Le commerce d’animaux sauvages a également gagné les océans où la demande en ailerons de requin a décimé certaines espèces. En 2010, les spécialistes estimaient que 97 millions de requins avaient été tués pour leurs ailerons. Maintenant, les contrebandiers ciblent les raies manta en raison des soi-disant bienfaits de leurs branchies pour la santé.
La médecine traditionnelle chinoise a des conséquences désastreuses sur un certain nombre d’espèces emblématiques, notamment les tigres et les rhinocéros. Au cours du siècle dernier, les populations de tigres ont baissé de 95 pour cent, en partie à cause du braconnage acharné pour récupérer des parties de leurs corps.
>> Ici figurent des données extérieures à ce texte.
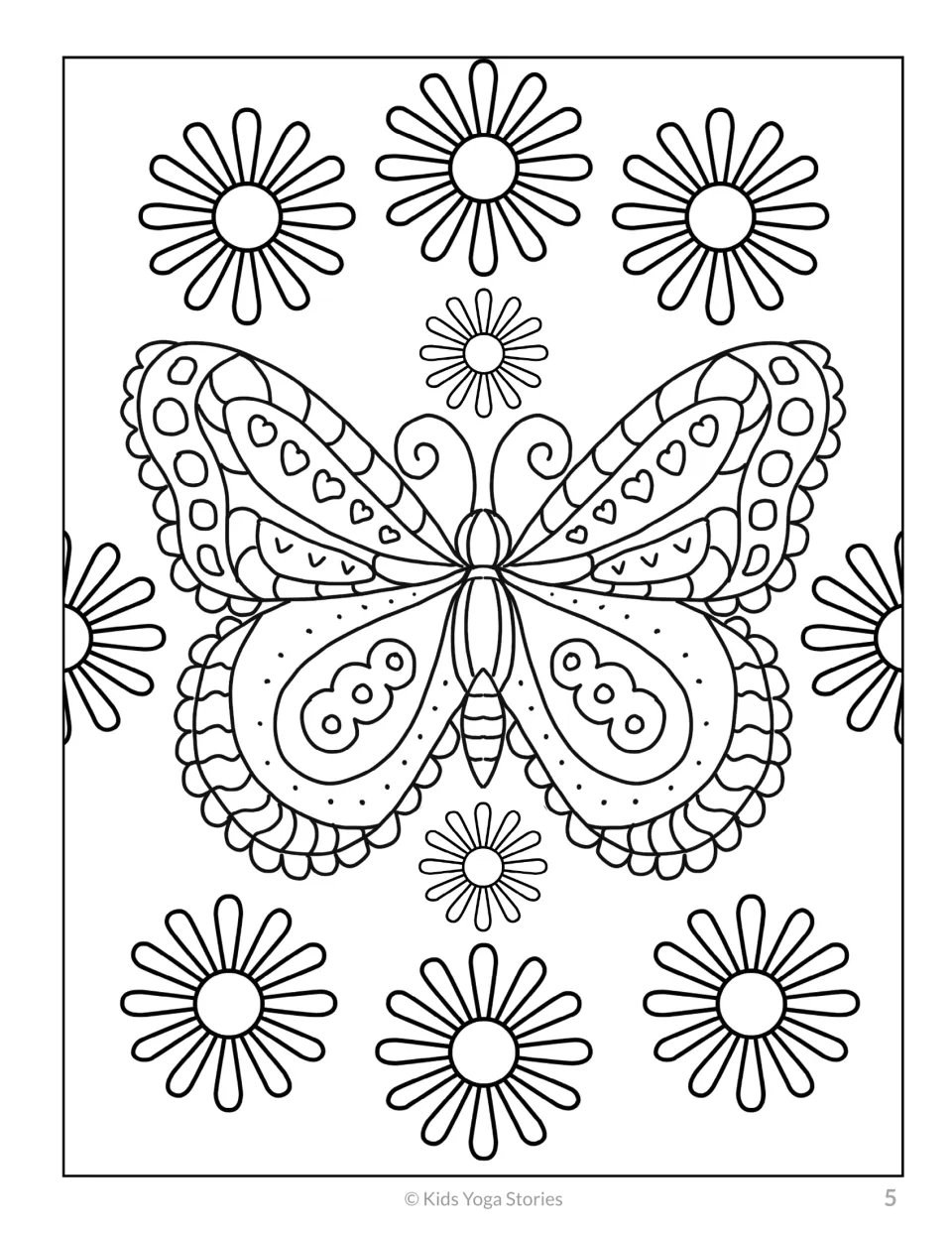 Butterfly coloring design, second in the 20-animal set, with patterned wings and surrounding flowers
De nos jours, il y a plus de tigres en captivité aux États-Unis que dans le monde entier. Bien que les études scientifiques aient montré que la corne de rhinocéros ne possède aucun bienfait médicinal (et est semblable au fait de se ronger les ongles), le braconnage a récemment provoqué l’extinction de deux sous-espèces : le rhinocéros de Java et le rhinocéros noir d’Afrique de l’Ouest. Les populations de rhinocéros sont attaquées quotidiennement, en particulier en Afrique du Sud où cette année, on recense deux rhinocéros abattus chaque jour.
Loris de Java, l’espèce de loris la plus en danger, en vente à Java. Photo de : Wawan Tarniwan.
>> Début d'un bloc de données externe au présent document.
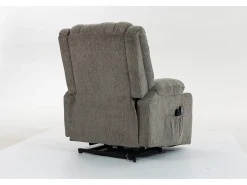 Hauss Spole Poltrona elétrica com massagem e aquecimento - Com apoio para os pés e 2 bolsos laterais - Tecido claro^ Poltrona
« Nous sommes sur le point de perdre les derniers représentants des espèces emblématiques du monde telles que les rhinocéros, les tigres et les éléphants. Ces animaux ont partagé la planète avec nous depuis la nuit des temps, et nous risquons fortement de les voir disparaître au cours des 50 années à venir, » Marc Ancrenaz de l’organisation Hutan-Kinabatangan Orangutan Conservation Program (Hutan-Programme de conservation des orangs-outans à Kinabatangan) dans l’état de Sabah en Malaisie. « Une répression plus sévère et davantage de travail sur le terrain sont requis de toute urgence pour arrêter cette tragédie. »
Au-delà des espèces plus connues, des millions de reptiles, d’amphibiens, d’oiseaux et de petits mammifères disparaissent dans les marchés de viande de brousse, le commerce illégal d’animaux domestiques et l’industrie de la médecine traditionnelle. La chasse a des conséquences tellement graves dans certaines forêts tropicales, notamment en Asie du Sud-est, que les spécialistes commencent à surnommer certaines zones les « forêts vides ».
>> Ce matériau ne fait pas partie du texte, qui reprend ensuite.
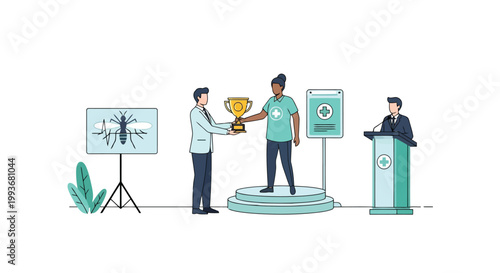Medical professional receiving an award on a podium for excellence in malaria research efforts isolated on white background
« Il est temps de s’unifier mondialement pour prendre des mesures d’urgence avant que la magnifique diversité de notre planète soit perdue, tout comme ses racines imbriquées dans les cultures humaines, » a ajouté Quyen Vu.
Un bébé loutre vendu comme animal domestique exotique à Jakarta, en Indonésie. Photo de : Rhett A. Butler.